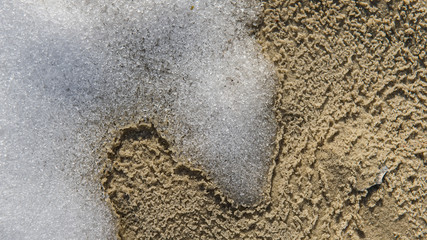 Obraz premium melting snow and ice on a sunny day by the river. Early spring.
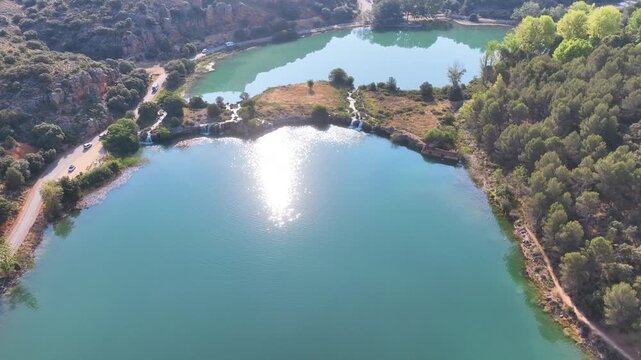 Aerial retreats across two linked Ruidera lagoons and captures a starting column of early morning sun glint from the base of waterfalls. Castilla La Mancha Spain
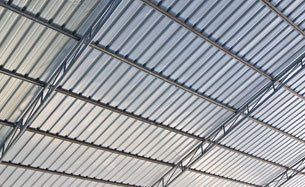Bonded panels in an industrial roof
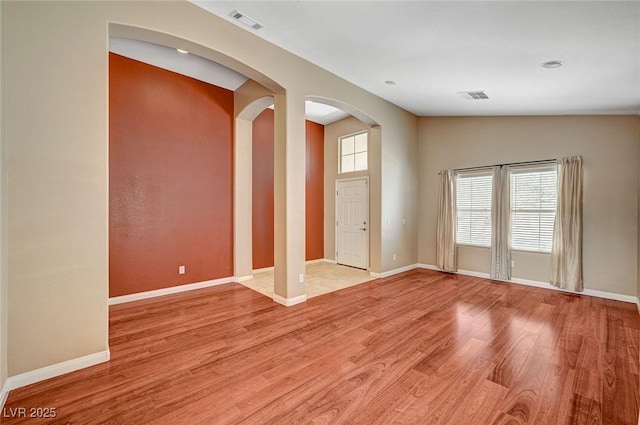 3609 Blue Pimpernel Ave, North Las Vegas, NV 89081 - unfurnished room with arched walkways and light wood finished floors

==*==

__Your task__: Output the whole listing exactly. Pictures stay out.

__Output of the task__:
 Obraz premium melting snow and ice on a sunny day by the river. Early spring.
 Aerial retreats across two linked Ruidera lagoons and captures a starting column of early morning sun glint from the base of waterfalls. Castilla La Mancha Spain
Bonded panels in an industrial roof
 3609 Blue Pimpernel Ave, North Las Vegas, NV 89081 - unfurnished room with arched walkways and light wood finished floors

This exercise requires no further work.